Some days I feel that I am forgiving H (it is an ongoing process as he continues to do or say things that have the potential to hurt, if I let them), but at the moment I find the idea of reconciliation (even at some undefined moment in the future) the tough one.

I stumbled on this Buddhist site and the following excerpts from a post entitled "The Difference Between Forgiveness and Reconcilation", http://mettarefuge.wordpress.com/2010/01/18/the-difference-between-forgiveness-and-reconcilation/

It helped me sort out some of the mess in my head about these things and why I can sometimes find the ability to forgive, but I find the idea of a friendship or any relationship with H so difficult right now. If others are struggling with similar questions, maybe this will be of some help to you too.

Quote
The Pali word for forgiveness-khama-also means “the earth.” A mind like the earth is non-reactive and unperturbed. When you forgive me for harming you, you decide not to retaliate, to seek no revenge. You don’t have to like me. You simply unburden yourself of the weight of resentment and cut the cycle of retribution that would otherwise keep us ensnarled in an ugly samsaric wrestling match. This is a gift you can give us both, totally on your own, without my having to know or understand what you’ve done.

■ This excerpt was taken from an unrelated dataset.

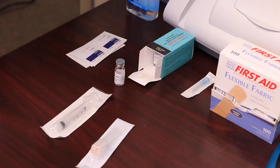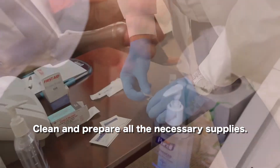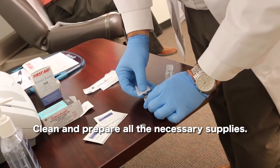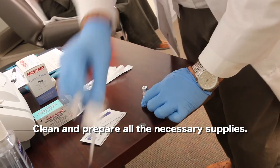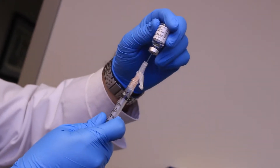The second step is to clean and prepare all the supplies that are going to be needed for the injection. You'll need a syringe with a needle and the injectable substance. It's important to make sure that an alcohol swab is used to clean the surface of the vial before it's drawn up into the syringe.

Reconciliation — patisaraniya-kamma — means a return to amicability, and that requires more than forgiveness. It requires the reestablishing of trust. If I deny responsibility for my actions, or maintain that I did no wrong, there’s no way we can be reconciled. Similarly, if I insist that your feelings don’t matter, or that you have no right to hold me to your standards of right and wrong, you won’t trust me not to hurt you again. To regain your trust, I have to show my respect for you and for our mutual standards of what is and is not acceptable behavior; to admit that I hurt you and that I was wrong to do so; and to promise to exercise restraint in the future. At the same time, you have to inspire my trust, too, in the respectful way you conduct the process of reconciliation. Only then can our friendship regain a solid footing.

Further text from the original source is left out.